Os Miseráveis

Créditos da imagem: Os Miseráveis/Universal Pictures/Reprodução

Filmes

Crítica

Os Miseráveis

A miséria segundo Tom Hooper

31.01.2013, às 20H00.
Atualizada em 11.10.2019, ÀS 10H16

Em um momento ordinário nas ruas da Paris do século XIX, Victor Hugo descobre o peso das classes sociais. Ao captar o ódio nos olhos de um homem pobre que observa um nobre descer da sua carruagem, o escritor, criado no espírito da monarquia, percebe que a desigualdade não é apenas uma situação aceitável por conta de sua natureza econômica – o luxo dos ricos dá emprego aos pobres -, mas uma questão humana, onde a opulência de poucos leva à miséria de muitos.
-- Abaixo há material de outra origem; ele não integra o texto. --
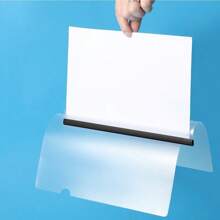 1pc Report Folder With Slide Bar For Cover, Transparent Cover, Presentation Folder For School Office, Document File Folder - Multicolor - View 4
Depois de trinta anos de trabalho, em abril de 1862, o resultado máximo desta troca de olhares é publicado.  Do sucesso imediato – milhares de exemplares vendidos em apenas 24 horas pelas ruas de Paris e publicações simultâneas pelo mundo - Os Miseráveis ganhou incontáveis adaptações ao cinema e à TV (existem versões indianas, japonesas, coreanas, árabes e brasileiras para o épico). O alcance da obra levou até mesmo a uma improvável versão musical, apresentada pela primeira vez em 1980 em um teatro de Paris. Cinco anos depois, Les Mis, como ficou informalmente conhecido, chegou aos palcos ingleses para se tornar um dos musicais mais famosos e encenados da história.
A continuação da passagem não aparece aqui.